I’m not sure, but I may have been one of the only students who actually liked that part.
This forced clarity. It meant that even if you made up the explanation to fit the project, you still had to sell it. You had to be comfortable with the vocabulary of design, and how to use it convincingly and with rigor.
It probably helped that I went to school a few years later than most, but I was ready to think, and do so out loud. I found by focusing on the explanation, it made the work stronger. Because when you have to say it out loud (even metaphorically), a weak idea has no place to hide. It becomes very apparent, very quickly, that the reasoning for a typeface choice, or the cultural relevance of a color palette, or the subtle symbolism embedded in a logo might just have been more for your benefit than the imaginary client’s.
I’ve used this technique in classes I’ve taught, and even with design teams I’ve managed. Not for the client per se, but for our own internal review. This is even more important. When conducting an internal design review it’s critical the designer be able explain why this solution is the best one.
Without explanation all we can do is evaluate execution, not effectiveness
There’s an important byproduct of this process: if every designer has to explain their work clearly and convincingly on a regular basis, they’re far more likely to do so with clients. This is critical, because in all but the rarest of cases, our clients aren’t designers. They don’t know what we know, or speak the same language we speak. We must be our own translators, and educate the client along the way. If we can’t bring them along to the view we have created, why should they believe us when we say it’s the right one?

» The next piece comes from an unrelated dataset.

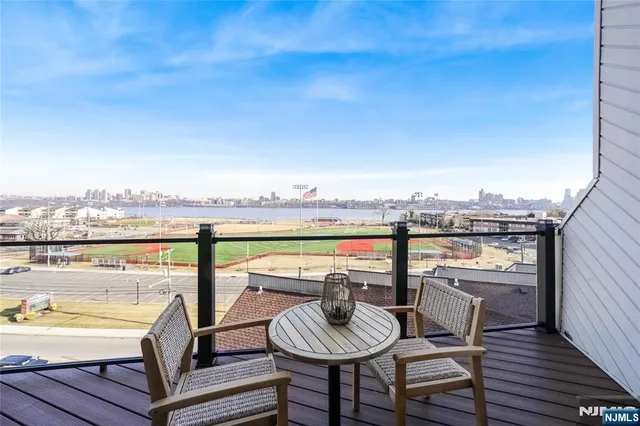 $724,999 | 101 Highway 5, Unit 204, Edgewater, NJ 07020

I’ve brought this practice into the teams I’ve run over the years, and make it part of the daily routine. When we talk about work, we talk about why it’s effective. When a designer works on a project, they present it to the client. If two designers are working, they each present their own. Not only does this provide opportunity to practice this kind of communication, it also gives them the credit they deserve for the work they have done. The solution comes from the team, so the team should have time in front of the client to shine.
Besides, as Mike Monteiro put it so well in Design is a Job: if you’re not the one selling it, you didn’t finish designing.